What does Boomerang allow me to do that Vectara didn’t support before?
We’re really proud of Boomerang because of how much it has shown to improve both search-focused use cases and generative AI capabilities through Grounded Generation. A few things that you’ll notice when using Boomerang are:
- Your results, in general, should be much higher quality. If you’re using Vectara to provide search capabilities to your application, the top results should answer user questions even better.
- You’ll have accurate results in many more languages, including the ability to perform cross-lingual searches. Want to allow your Greek-speaking users to find information that was written in Welsh and summarize it back to them in their language of choice? Boomerang can do that. With Boomerang, Vectara now supports hundreds of languages and dialects, whereas the original model only supported about 15.
- While we’ve always been proud of having few hallucinations on the Vectara platform, Boomerang’s ability to more directly surface relevant answers to the generative model means even fewer hallucinations.
- Vectara should reply even less often that it “does not know” the answer to a user question in its generative responses. This is because it should have even more accurate information surfaced to its generative response system via the more accurate retrieval.

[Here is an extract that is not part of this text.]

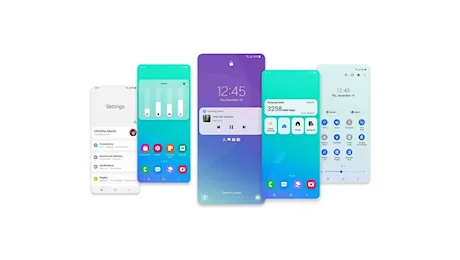 Samsung One UI 7: in questo nuovo video ricorda tantissimo iOS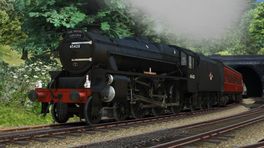 PLD Black Five - 45428 'Eric Treacy' in 2025 condition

- The structure of the model means that we’ll soon be able to provide guidance to our users on what the scoring of any individual result actually means. And even better – we’ll have the ability to automatically cut off and stop returning irrelevant results.
Boomerang is highly tuned for retrieval tasks, and based on our testing, as well as the testing of several of our customers, it outperforms existing publicly available models for search and grounded generation tasks.
How can I try Boomerang?
We’ve rolled out Boomerang to all new and existing accounts. If you’re a new user to the Vectara platform, there’s nothing for you to do to take advantage of Boomerang: just create a new corpus and it will automatically use Boomerang. If you already had an existing account, we’re continuing to maintain our legacy encoder for the time being for you, so you will need to manually select Boomerang as the encoder when you’re creating a new corpus. With Vectara, we handle the vector database, indexing, embedding, and hosting end-to-end, so all you need to do is upload your data and start using it!